Print the data exactly. Pictures stay out.

>>>>>

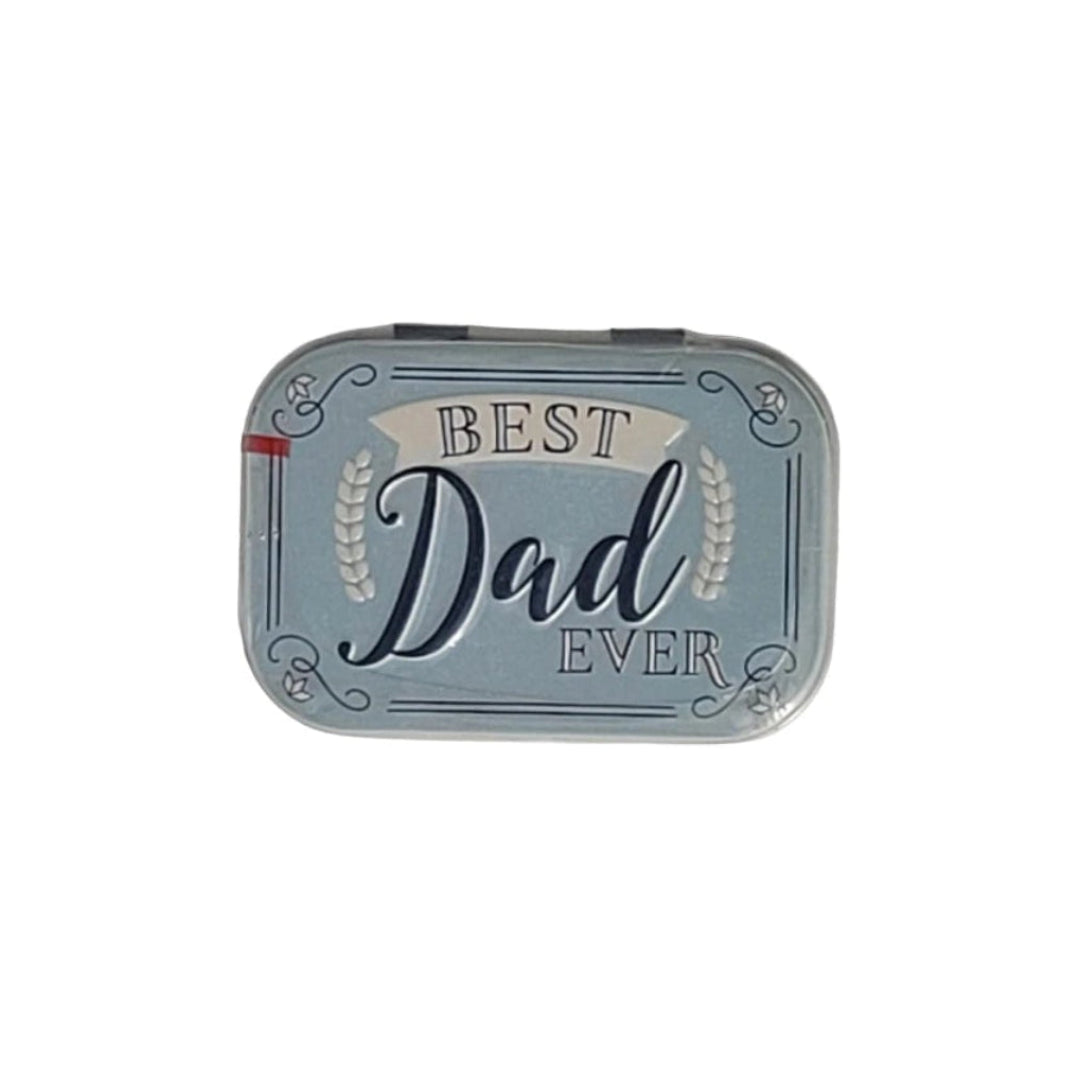 Metall-Pillendose „Best Dad ever“ von Nostalgic Art, gefüllt mit Pfefferminzpastillen, Vintage‑Design, 3,25 €.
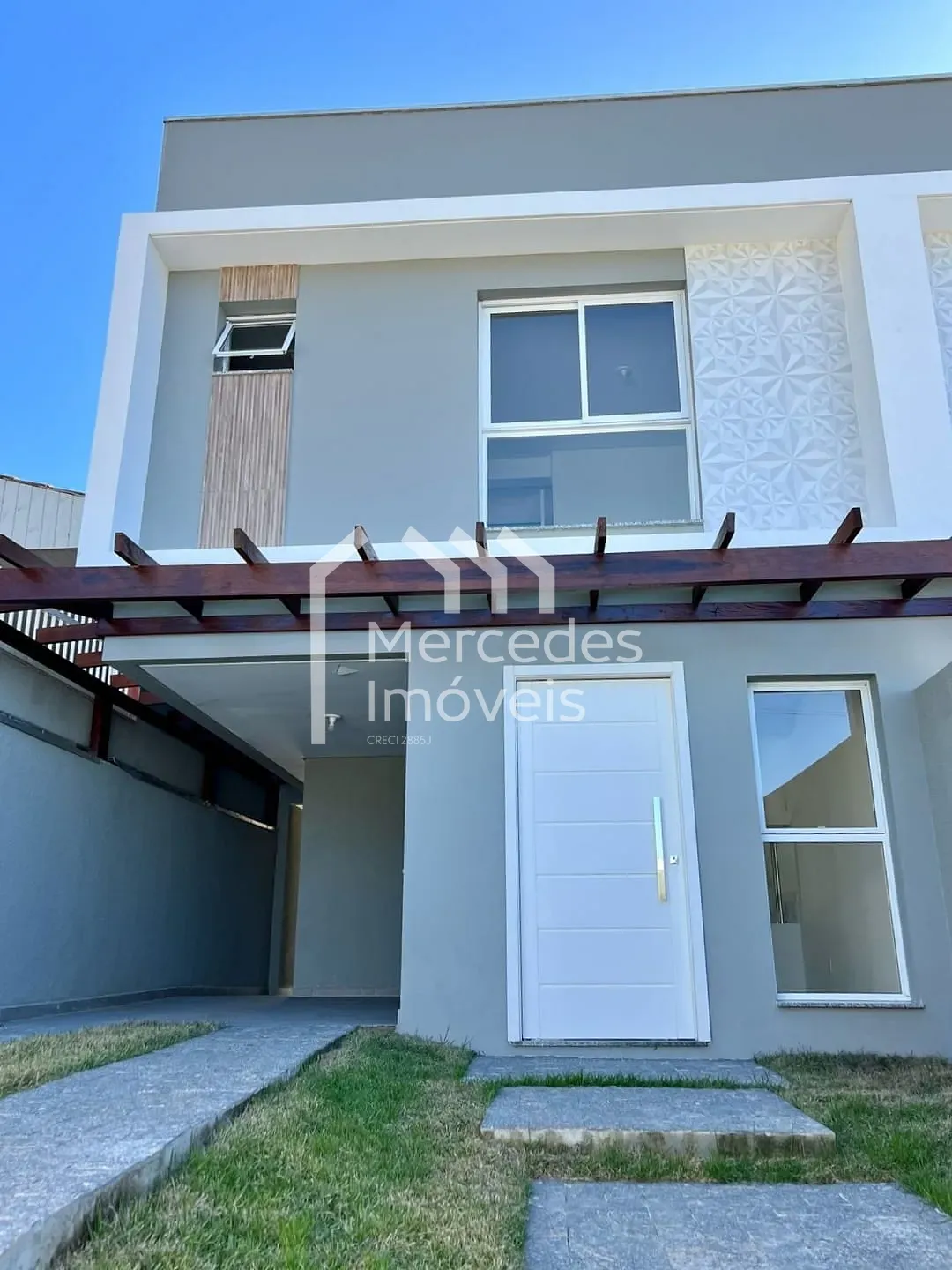 Foto 2 de Sobrado com 1 suíte + 2 dormitórios à venda, Espinheiros, Itajaí, SC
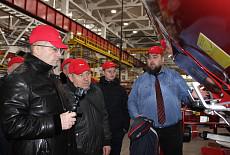 Белорусские фермеры побывали на производстве Ростсельмаш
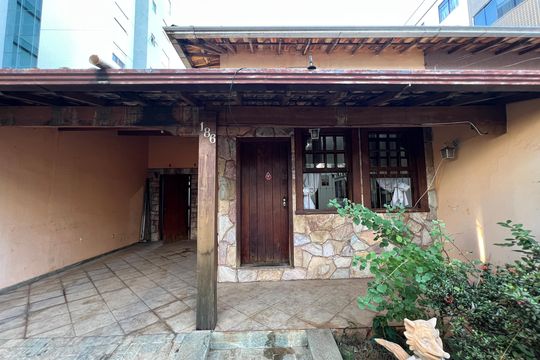 Casa à venda com 3 quartos, 210m² em Castelo, Belo Horizonte
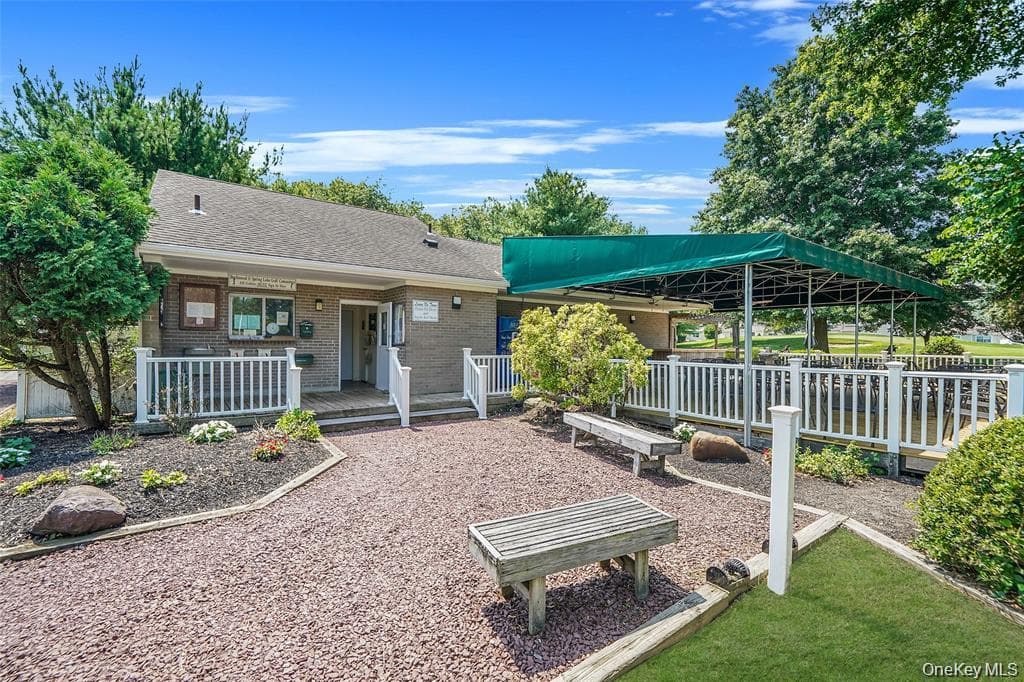 824 Birchwood Park Drive thumbnail 37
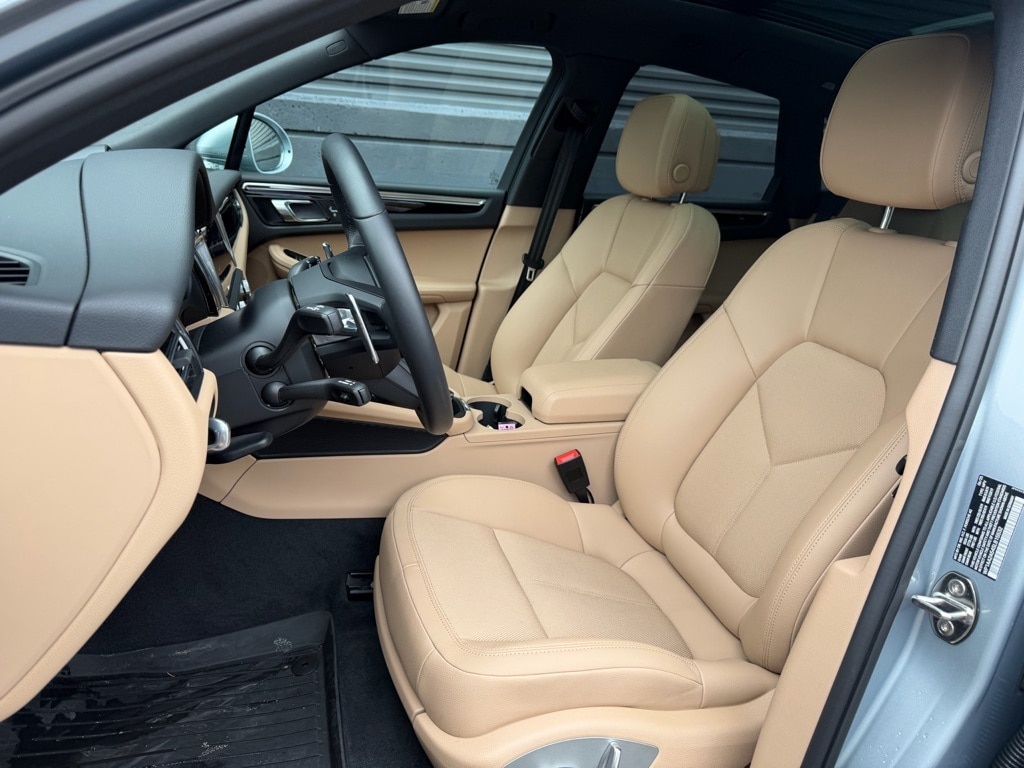 Certified 2025 Porsche Macan SUV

<<<<<

### Result for this task
 Metall-Pillendose „Best Dad ever“ von Nostalgic Art, gefüllt mit Pfefferminzpastillen, Vintage‑Design, 3,25 €.
 Foto 2 de Sobrado com 1 suíte + 2 dormitórios à venda, Espinheiros, Itajaí, SC
 Белорусские фермеры побывали на производстве Ростсельмаш
 Casa à venda com 3 quartos, 210m² em Castelo, Belo Horizonte
 824 Birchwood Park Drive thumbnail 37
 Certified 2025 Porsche Macan SUV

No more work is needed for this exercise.